Another litmus test is when it’s credulously promoted by the Daily Mail.

WDDTY’s view that Harcombe’s claims are valid appears to rest on her status as a “bestselling author”. The ASA takes a different view:

Not surprisingly, it found against the video,

Please read the adjudication for yourself.

1. the claims in ads (a), (b) and (c) relating to Candida, hypoglycaemia and food intolerance misleadingly implied that they caused food cravings and could be treated by the Harcombe diet;

2. the claim “In no way is the body as simplistic as energy in = energy out – and, therefore, we do not need to put less energy in and/or try to get more energy out. We need to eat better, not to eat less” in ad (e) and comparison in ad (g) misleadingly implied that conventional weight loss advice was wrong;

3. the implication in the testimonials in ad (d) that the Harcombe diet led to weight loss could be substantiated;

4. the claim “it is recommended to stay on Phase 1 for longer if you have more than 20lb to lose” in ad (b) marketed treatment for obesity which would not take place under suitably qualified supervision;

5. the claim “Imagine yourself in just 30 days time feeling healthier than you can ever remember being.

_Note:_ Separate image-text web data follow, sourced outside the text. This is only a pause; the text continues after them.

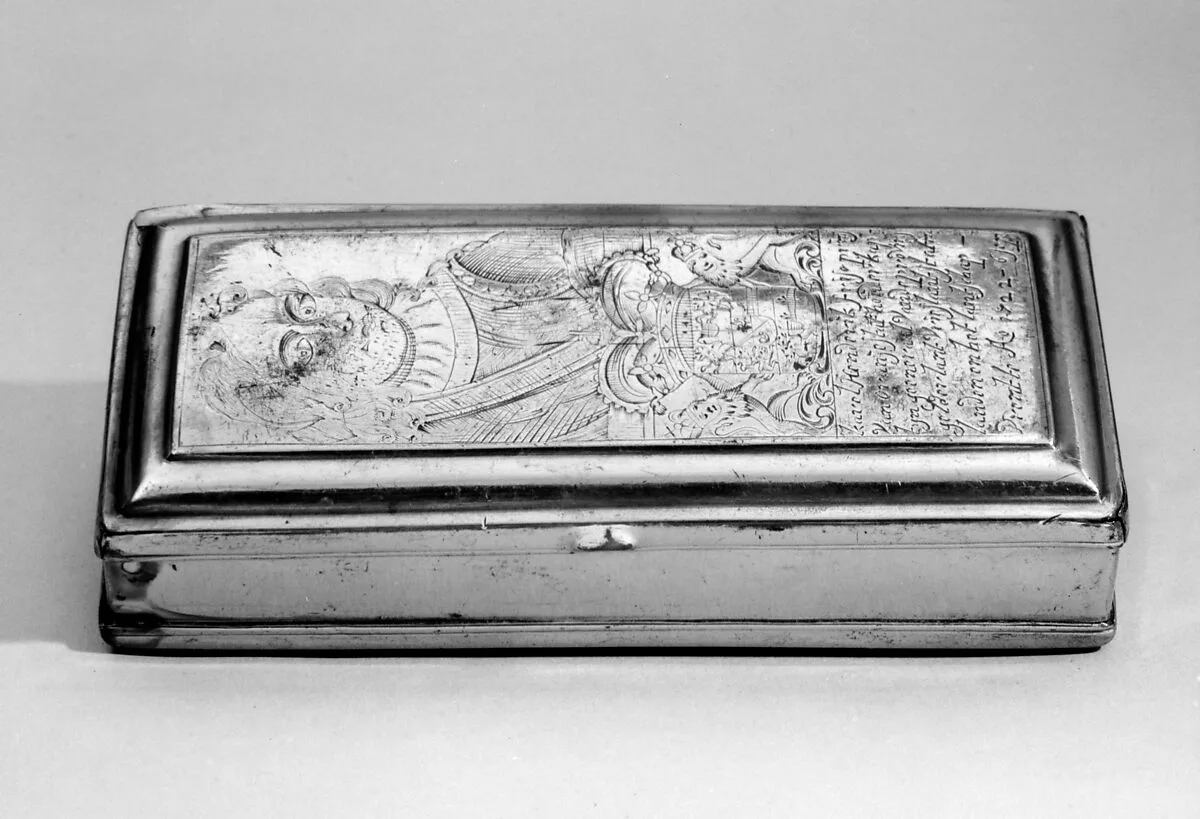 Tobacco box — Unknown
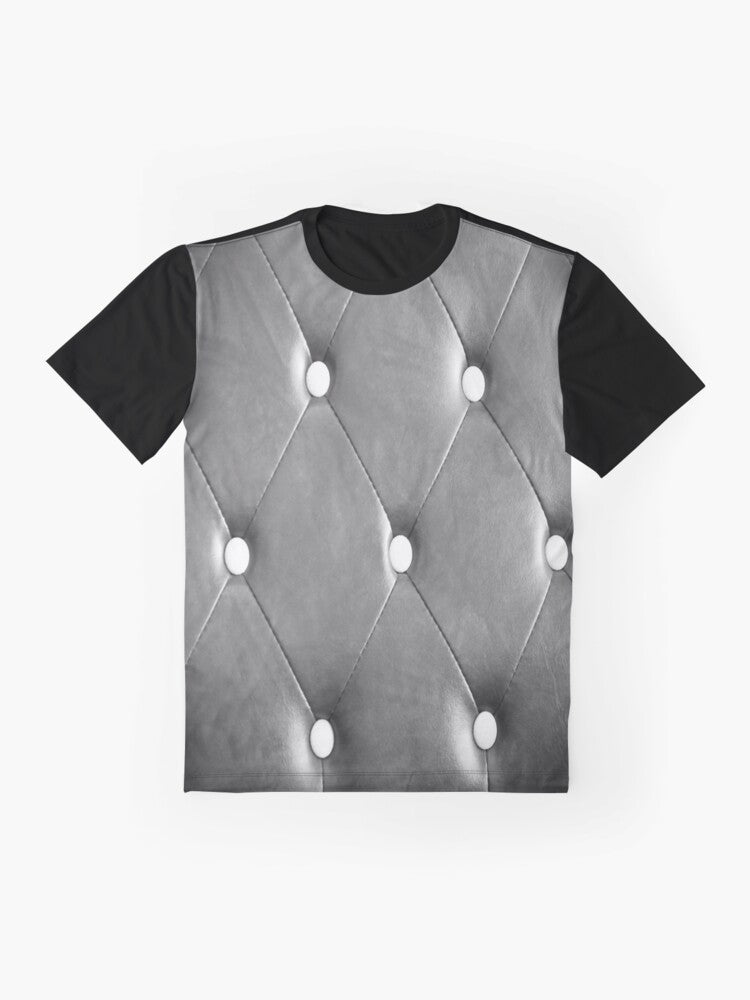 abstract leather padded leather Graphic T-Shirt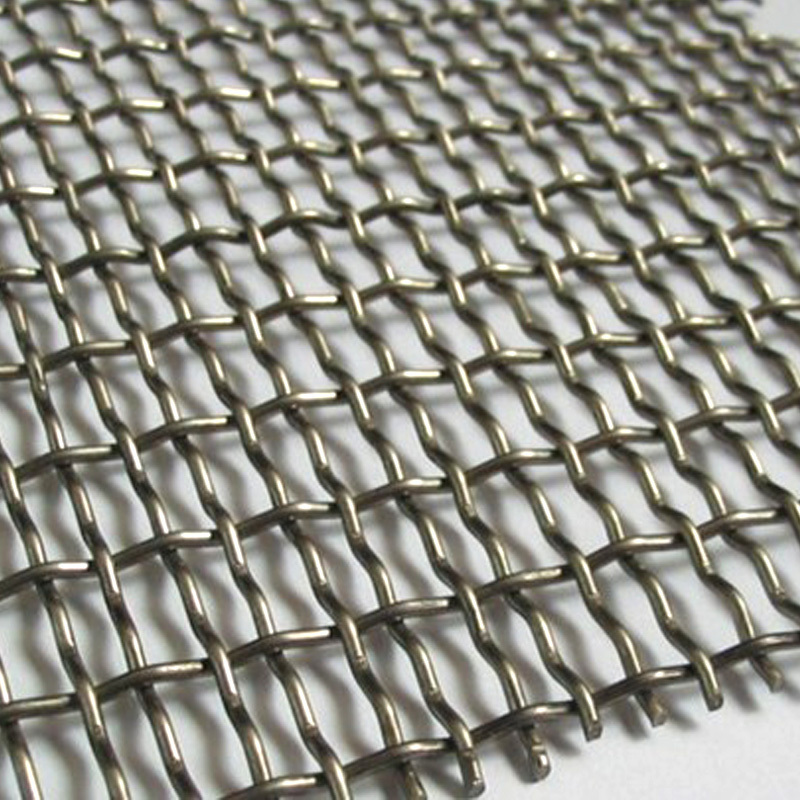 Heavy Duty Crimped Wire Mesh/Stainless Steel Framed Crimped Wire Mesh/Crimped Metal Decorating Wire Mesh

Imagine that you’ve successfully and easily lost up to 20 pounds in weight” and testimonials in ad (f) made reference to a rate of weight loss that was not compatible with good medical and nutritional practice; and

6. the testimonials in ad (f) implied the diet could treat medical conditions, including conditions that required medical supervision.

Harcombe’s response was another of the standard SCAM responses: a list of peer-reviewed studies which appeared to cast doubt on some elements of the current consensus understanding of the role of calorie intake on obesity.

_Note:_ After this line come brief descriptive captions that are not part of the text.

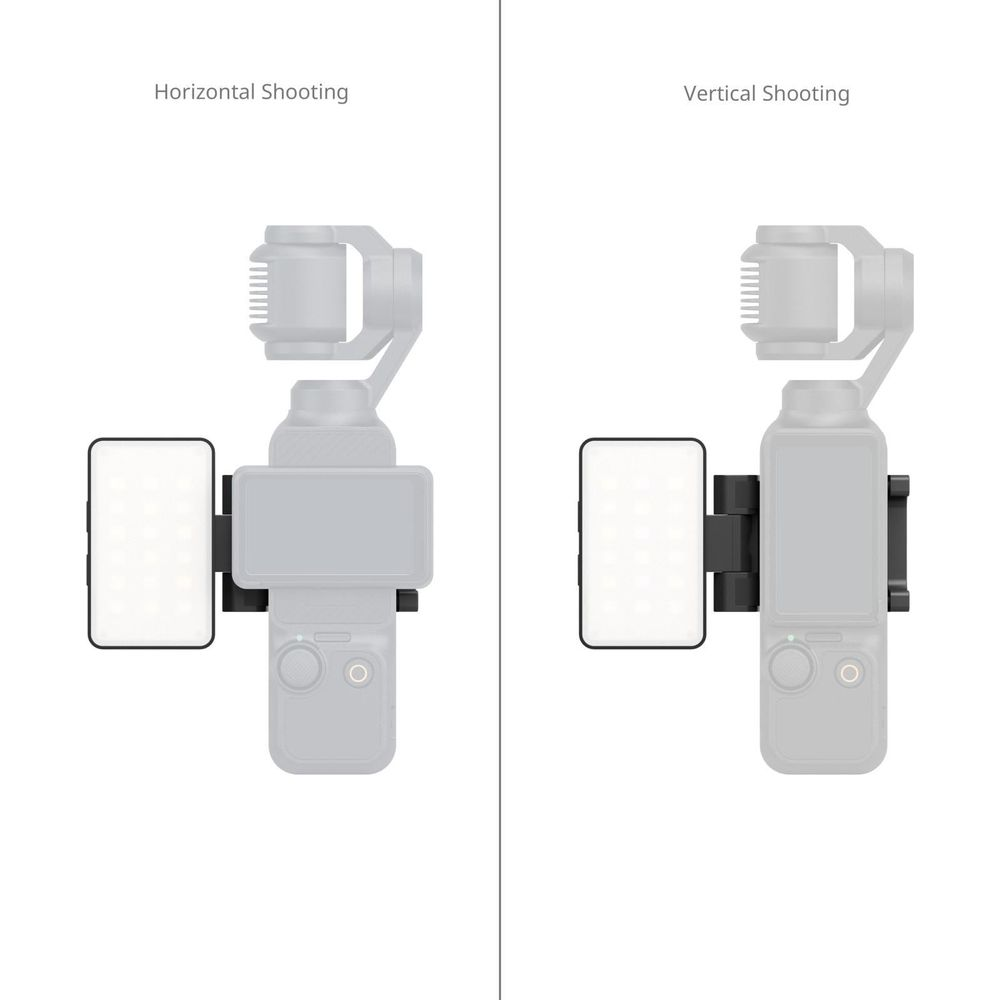 Gimbal mit Smartphone für horizontale und vertikale Aufnahmen.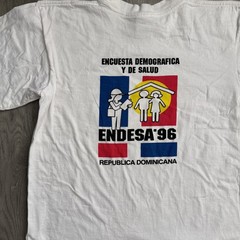 Vintage Sandria ENDESA 96 Shirt Mens Medium White Dominican Republic 90s Tee
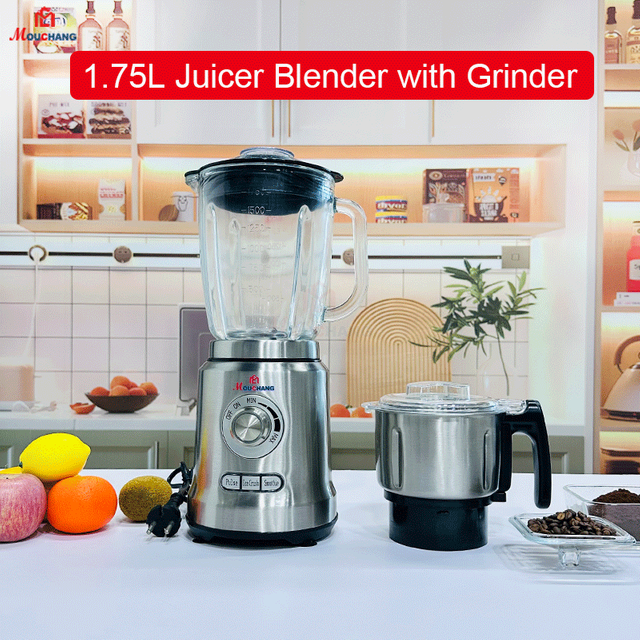 1.75L 1200W Full Stainless Steel body Juicer Blender with 304ss Grinding Cup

The problem with this is that the scientific consensus, by definition, already incorporates all valid views according to their validity and the quality of evidence. That is the definition of a scientific consensus. And when you blow away the smoke:

We had not been provided with any evidence that Candida, hypoglycaemia or food intolerance were associated with being overweight or food cravings, nor that the conditions could be treated by the Harcombe diet. We therefore concluded that the claims breached the Code.

And:

The claim “In no way is the body as simplistic as energy in = energy out – and, therefore, we do not need to put less energy in and/or try to get more energy out. We need to eat better, not to eat less” appeared in ad (e) on the home page for the Harcombe Diet Club website. We considered that the claim was presented as factual and that it implied it was not necessary to consume fewer calories to lose weight by dietary change and that conventional weight loss advice was therefore wrong. Ad (g), a page on a website which promoted a book by Zoë Harcombe, included a comparison between a “Mother Nature” diet and the NHS recommended “‘Eatwell’ Plate”, which included the description “Fat & Sick”. We considered that, because the claim appeared in the context of a website focused on promoting a book and was connected with the content of that book, that it fell within the ASA’s remit. We considered that although it was clear that it related to the content of a book the comparison was presented as factual, and that it implied that conventional weight loss advice was wrong and contributed to obesity.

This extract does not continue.